Magda śmiało mówi o swoich marzeniach i wzoruje się na karierze Igi Świątek. – Iga wielką pracą osiągnęła coś nieprawdopodobnego. Chciałabym móc z nią zagrać, na przykład w turnieju wielkoszlemowym. Taki mecz mógłby mnie wiele nauczyć, ale też dałby mi bardzo dużo motywacji do ciężkiej pracy. Wiara w sukces jest niezbędna w każdym sporcie. Ja też wierzę ze wszystkich sił, że mi się to uda. Moim marzeniem jest też bycie zawodową tenisistką. Chciałabym, żeby był to mój sposób na życie i żebym mogła wiele lat czerpać z tego przyjemność – dodaje.
Jak mówi, tenis zajmuje jej większą część życia. – Jest po prostu moją pasją. Bardzo lubię oglądać zawodników, podpatruję ich grę. Mam problem z forehandem, więc sporo trenuję na sucho w domu patrząc na najlepszych zawodników.
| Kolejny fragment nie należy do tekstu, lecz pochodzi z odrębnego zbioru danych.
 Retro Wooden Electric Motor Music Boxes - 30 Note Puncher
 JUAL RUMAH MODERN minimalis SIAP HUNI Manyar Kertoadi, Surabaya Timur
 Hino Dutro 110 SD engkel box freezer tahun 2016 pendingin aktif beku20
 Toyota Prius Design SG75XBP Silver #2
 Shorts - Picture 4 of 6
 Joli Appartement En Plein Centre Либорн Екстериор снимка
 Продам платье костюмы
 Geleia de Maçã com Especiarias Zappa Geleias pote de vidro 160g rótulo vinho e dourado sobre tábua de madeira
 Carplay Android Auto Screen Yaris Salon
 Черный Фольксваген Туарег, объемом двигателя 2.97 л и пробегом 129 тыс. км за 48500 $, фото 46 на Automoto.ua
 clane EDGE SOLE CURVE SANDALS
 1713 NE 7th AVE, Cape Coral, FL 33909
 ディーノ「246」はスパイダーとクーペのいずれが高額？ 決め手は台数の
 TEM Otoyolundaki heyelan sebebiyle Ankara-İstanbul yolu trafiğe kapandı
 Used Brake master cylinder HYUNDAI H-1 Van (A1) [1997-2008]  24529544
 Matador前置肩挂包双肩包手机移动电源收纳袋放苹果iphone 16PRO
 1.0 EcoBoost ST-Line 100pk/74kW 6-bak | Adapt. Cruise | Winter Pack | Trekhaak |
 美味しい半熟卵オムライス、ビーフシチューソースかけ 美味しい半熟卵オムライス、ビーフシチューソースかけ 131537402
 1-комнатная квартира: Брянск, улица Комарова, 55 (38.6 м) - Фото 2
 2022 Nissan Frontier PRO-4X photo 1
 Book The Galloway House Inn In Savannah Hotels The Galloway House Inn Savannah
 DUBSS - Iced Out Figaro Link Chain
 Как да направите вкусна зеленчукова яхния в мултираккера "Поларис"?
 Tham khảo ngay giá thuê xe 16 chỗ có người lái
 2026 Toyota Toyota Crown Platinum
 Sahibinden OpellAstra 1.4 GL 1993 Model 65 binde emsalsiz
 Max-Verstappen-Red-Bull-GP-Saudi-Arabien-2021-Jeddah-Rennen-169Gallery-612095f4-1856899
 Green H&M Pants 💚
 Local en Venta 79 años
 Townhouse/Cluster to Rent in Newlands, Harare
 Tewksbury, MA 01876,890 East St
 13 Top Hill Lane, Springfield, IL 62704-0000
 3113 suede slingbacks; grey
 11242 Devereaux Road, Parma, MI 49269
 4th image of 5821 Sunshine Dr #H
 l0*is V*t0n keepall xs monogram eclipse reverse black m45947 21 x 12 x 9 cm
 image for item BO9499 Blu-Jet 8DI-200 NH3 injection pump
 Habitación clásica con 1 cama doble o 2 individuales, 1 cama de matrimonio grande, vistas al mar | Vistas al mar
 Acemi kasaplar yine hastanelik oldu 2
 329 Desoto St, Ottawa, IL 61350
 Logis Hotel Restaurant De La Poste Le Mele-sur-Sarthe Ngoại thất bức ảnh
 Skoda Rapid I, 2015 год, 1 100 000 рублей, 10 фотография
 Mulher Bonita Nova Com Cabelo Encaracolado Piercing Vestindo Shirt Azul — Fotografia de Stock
By osiągnąć sukces nie można trenować tylko na korcie, bo praca wykonywana, że tak powiem, po godzinach, jest bardzo istotna – mówi.
– Jeżeli chodzi o backhand to gra jak Szarapowa, jeśli chodzi o forehand to mogę porównać ją do Nadala, bo stosuje wiele zagrań top spin, a kobiety rzadko grają w ten sposób. Do tego ma bardzo prawidłowy serwis i dobrze gra przy siatce – charakteryzuje Świerczyńską trener.
W kwietniu utalentowana polska zawodniczka, wraz z innymi kadrowiczami z roczników juniorskich, trenowała na zgrupowaniu w Centralnym Ośrodku Sportu Cetniewo we Władysławowie. – Takie zgrupowania kadry odbywają się teraz coraz częściej. To dobra okazja do potrenowania z rówieśnikami i sprawdzenia poziomu swojej gry, a w Cetniewie są świetne warunki do trenowania – dodaje.
Trener Świerczyńskiej przyznaje, że pandemia koronawirusa wprawdzie ograniczyła znacząco liczbę turniejów, ale sprawiła też, że zawodnicy mieli znacznie więcej czasu na trening. – W młodszych kategoriach wiekowych czasem jest problemem zbyt duża liczba meczów rozgrywanych na turniejach, a zbyt mała liczba godzin na treningach. Teraz jest inaczej i mam wrażenie, że dzięki temu Magda robi szybszy postęp – wyjaśnia.
W poniedziałek rozpocznie się międzynarodowy turniej ITF w Turcji, w którym Świerczyńska weźmie udział. – Obsada będzie bardzo dobra, bo w pandemii turniejów jest znacznie mniej, niż zwykle, więc w tych, które się odbywają, rywalizacja jest bardzo mocna. Później jestem też zgłoszona do turnieju na Węgrzech. Cel na Turcję? Bardzo bym chciała zdobyć medal – zapowiada Polka.
Długofalowym celem Świerczyńskiej na najbliższe miesiące są starty w rywalizacji seniorek w turniejach WTA. – Chcemy uciekać z turniejów ogólnopolskich, bo dla Magdy to chyba już jest historia. Musi grać dużo turniejów seniorskich, czyli WTA. Na początku będzie pewnie przegrywała, ale będzie się dzięki temu uczyć. Oczywiście, będzie też grała w turniejach juniorskich ITF, gdzie ma już na swoim koncie kilka sukcesów – mówi trener Paweł Bojarski.